Sweat the small stuff

The biggest Canadian pipeline system into the US, Enbridge's Mainline pipeline network, in December added about 100,000 b/d through drag-reducing optimization efforts. Another 50,000 b/d in additional capacity are slated to slowly come online throughout 2020. The Mainline system has the capacity to move up to 2.85 million b/d.

Enbridge's Express Line and TC Energy's existing Keystone Pipeline system also are undergoing optimization for an extra 50,000 b/d each.

Similarly, Plains All American Pipeline plans to add at least 70,000 b/d on its system that moves crude on multiple pipelines from Alberta to the Cushing, Oklahoma storage and pricing hub. Plains would tack on capacity to its Rangeland and Western Corridor pipelines that combine to stretch to Wyoming. And its Saddlehorn pipeline would get an extra 100,000 b/d from the Rockies to Cushing. Those projects won't all be completed until mid-2021.

Plains' Diamond pipeline extension and Capline pipeline reversal, which are scheduled to be finished by early 2022, would provide additional links to the Louisiana Gulf Coast.

Phillips 66 is working with multiple partners, including Plains, to build the brand-new Red Oak and Liberty pipelines to ship oil, including Canadian grades, from Montana, Wyoming and Colorado to Cushing and the Texas Gulf Coast near both Houston and Corpus Christi. Those two projects should come online next year.

As of the end of 2019, the percentage of US oil imports from Canadian crude had risen to 60%, up from less than 25% a decade ago. In December, the US imported 6.83 million b/d of crude, including a record-high 4.13 million b/d from Canada. About 350,000 b/d of those volumes came from rail - the second-highest month on record, according to the Canada Energy Regulator.
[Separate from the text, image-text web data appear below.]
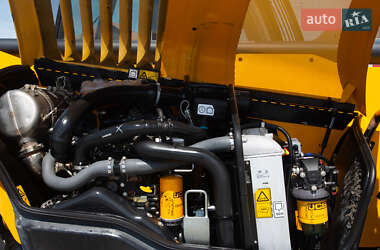 Подъемник телескопический JCB 540-140 2021 в 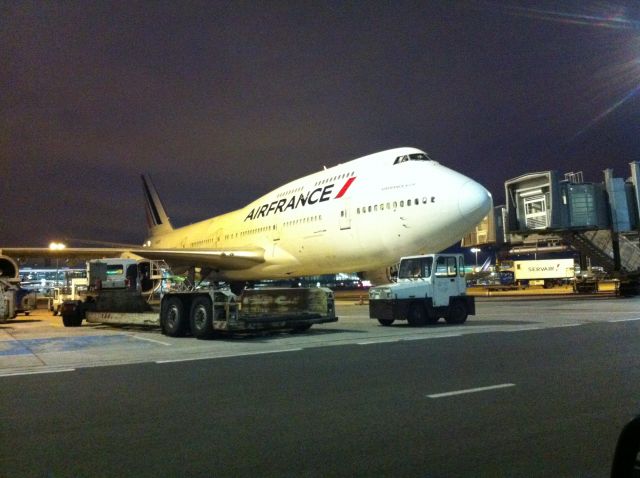 Boeing 747-400 (F-GEXB)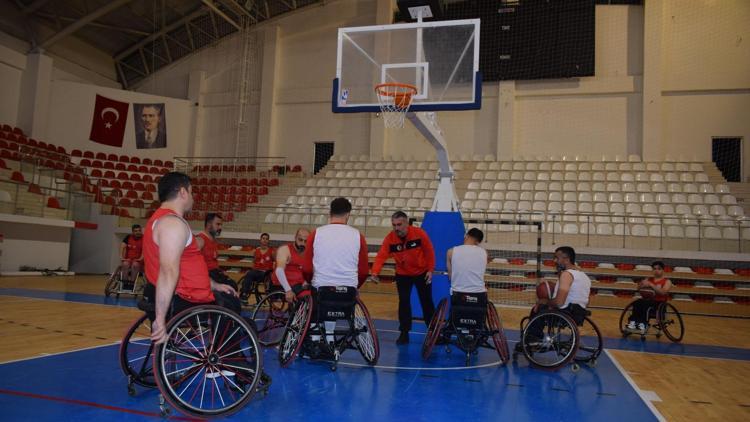 Kaza sonrası engelli kalan mühendis, basketbolla yaşama sarıldı/Ek Fotoğraflar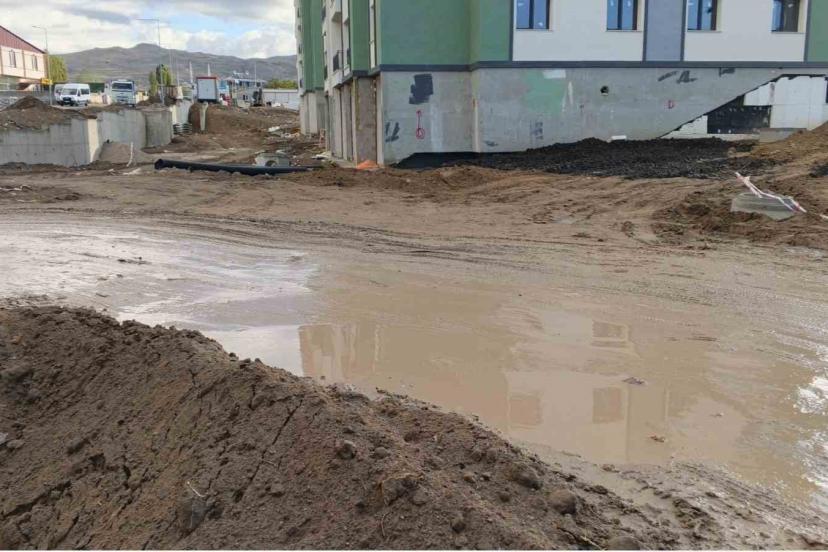 Van’da öğrencilerin okul yolunda çamur çilesi
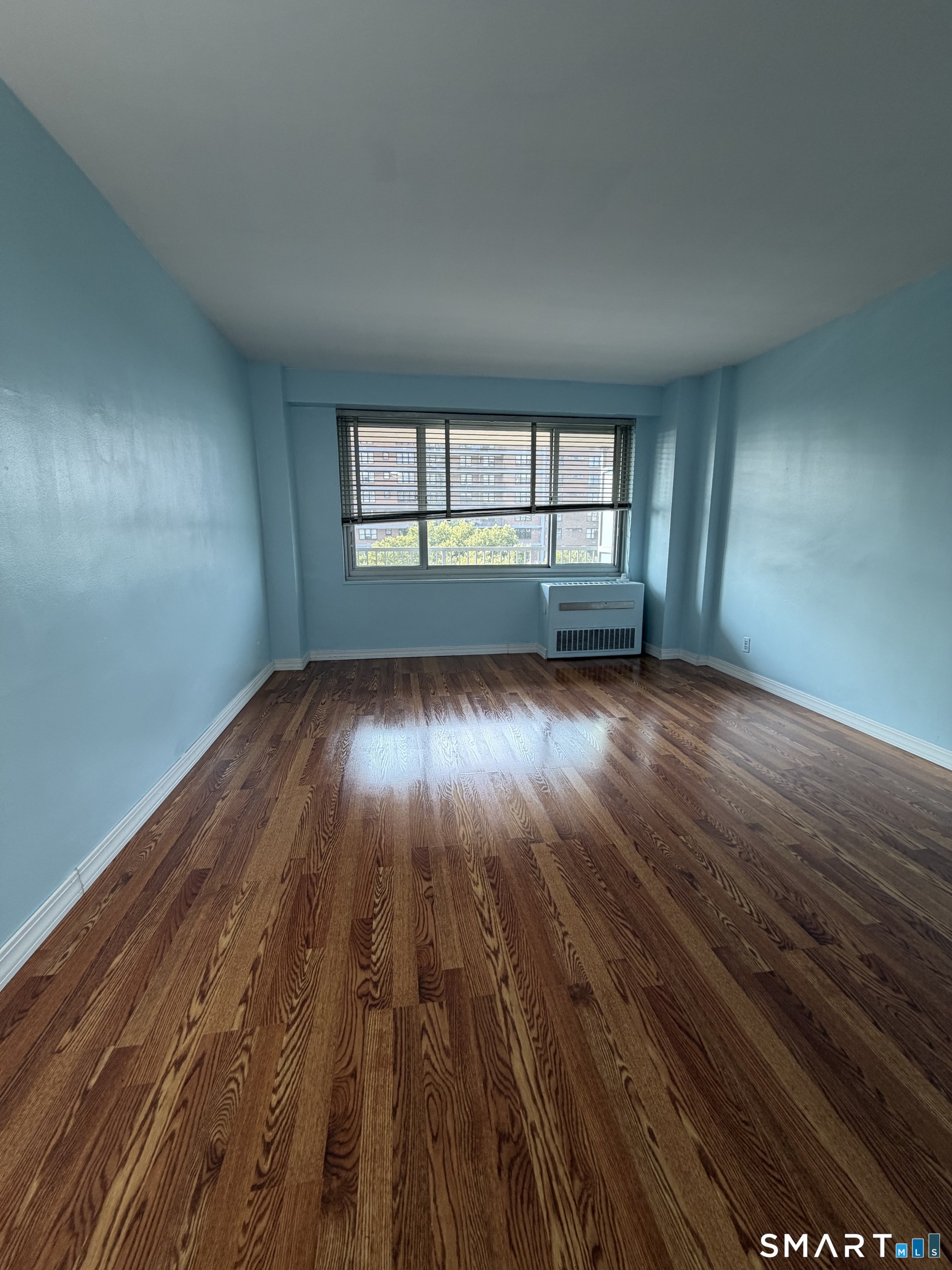 100 York 8p Street Property Photo 16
S&P Global Platts had assessed Western Canadian Select oil midway through last week at a $14.30/b discount to the West Texas Intermediate benchmark. The grade has strengthened about $8.40/b so far this year, a move sources have attributed to strong global demand for heavy crudes, higher crude-by-rail exports and increased flows on existing pipelines.

WCS traded much weaker in 2018, before Alberta's government implemented a production cap after the grade hit a record-low discount $51.50/b in October 2018 because of a lack of transportation infrastructure.

The pipeline tariff from Hardisty to USGC is between $8/b to $12/b, with traders often saying there needs to be a $10/b spread between Hardisty, Alberta and the USGC to be economical. Likewise, it costs about $12/b to ship crude from Hardisty to the USGC on a committed rail contract.

Fights for the big guys

As for the largest projects, many energy analysts see the Line 3 project and Trans Mountain as more likely to proceed - despite numerous delays - while the Keystone XL project may only seem feasible if the pipeline-friendly Trump administration remains in office after 2020. The Trans Mountain project is only slowly progressing because the Canadian government bought it from Houston-based Kinder Morgan, which had threatened to walk away.

Ethan Bellamy, an energy analyst with Robert W. Baird & Co., is less bullish. These projects are more about shipping oil out than fulfilling demand, he said. While the USGC refiners want more Canadian crude, the volumes aren't absolutely essential.

"These projects are all supply push, not demand driven," Bellamy said. "The market does not need more Canadian oil, but producers need to get it to market."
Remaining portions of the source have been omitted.